Minnesota Twins
- Shortstop
- Born: July 15, 2003 (age 23) Lake Charles, Louisiana, U.S.
- Bats: RightThrows: Right

= Kyle DeBarge =

American baseball player (born 2003)

Lance Kyle DeBarge (born July 15, 2003) is an American professional baseball shortstop in the Minnesota Twins organization.

==Amateur career==
DeBarge grew up in Kinder, Louisiana and attended Alfred M. Barbe High School.

DeBarge batted .293 with three home runs, 30 RBI, and 16 stolen bases during his freshman season with the Louisiana Ragin' Cajuns He batted .371 with seven home runs and 38 RBI during his sophomore season.
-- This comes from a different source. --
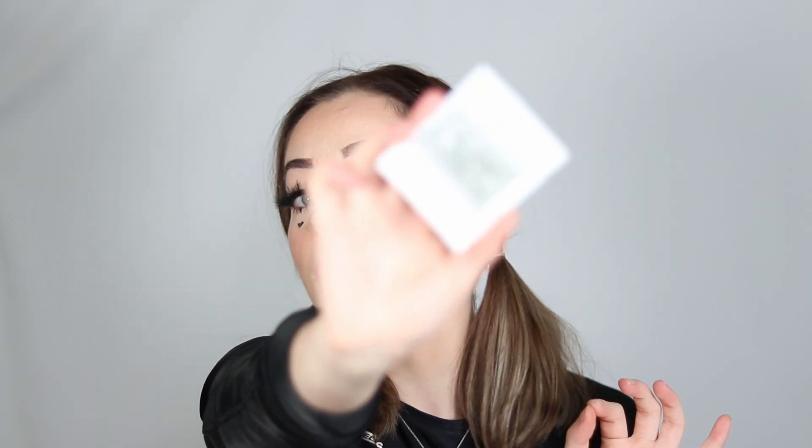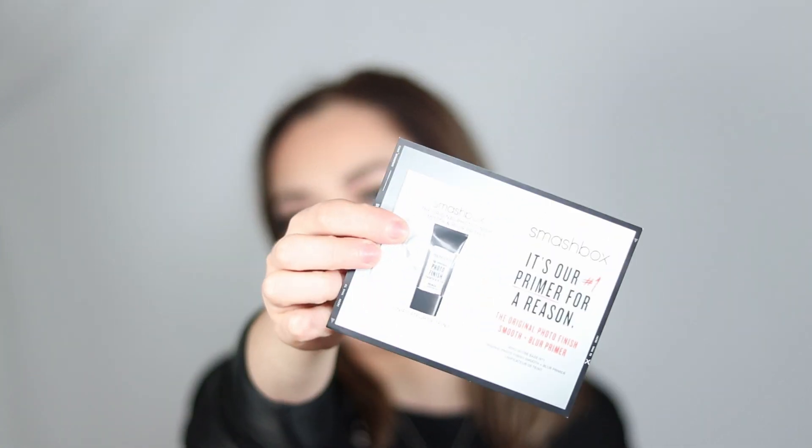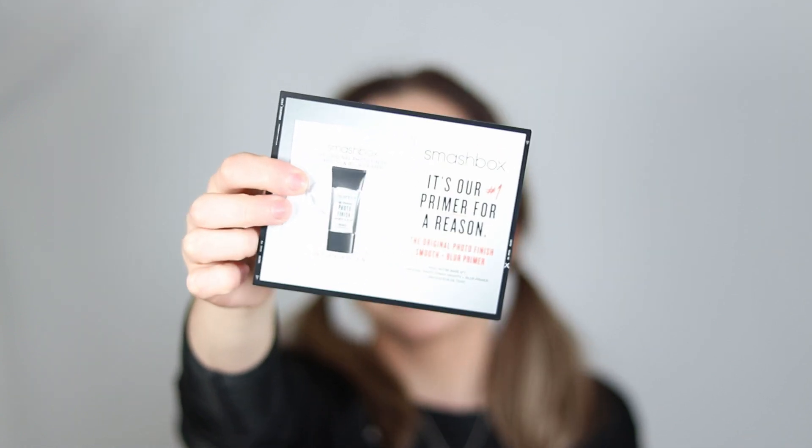When you order online you get to choose your samples, unlike in-store. The first sample I chose is the Youth to the People Kale Plus Spinach Green Tea and Hyaluronic Acid Superfood Air Whip Moisture Cream. I also chose the Smashbox Photo Finish Smooth and Blur Primer — the number one primer. I used the stick version before but I don't think they sell it anymore, so I wanted to try the liquid. It blurs pores completely — it's a must for oily skin.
DeBarge was named the Sun Belt Player or the Year after batting .355 with 21 home runs and 72 RBI as a junior. In 2023, he played collegiate summer baseball with the Falmouth Commodores of the Cape Cod Baseball League.

==Professional career==
DeBarge was drafted by the Minnesota Twins in the first round, with the 33rd overall selection, of the 2024 Major League Baseball draft. On July 24, 2024, DeBarge signed with the Twins on a $2.4 million contract.

DeBarge made his professional debut with the Single-A Fort Myers Miracle and hit .235 with one home run across 26 games. In 2025, he played with the High-A Cedar Rapids Kernels with whom he batted .237 with eight home runs, 65 RBI, and 66 stolen bases over 121 games. DeBarge was assigned to the Double-A Wichita Wind Surge to open the 2026 season.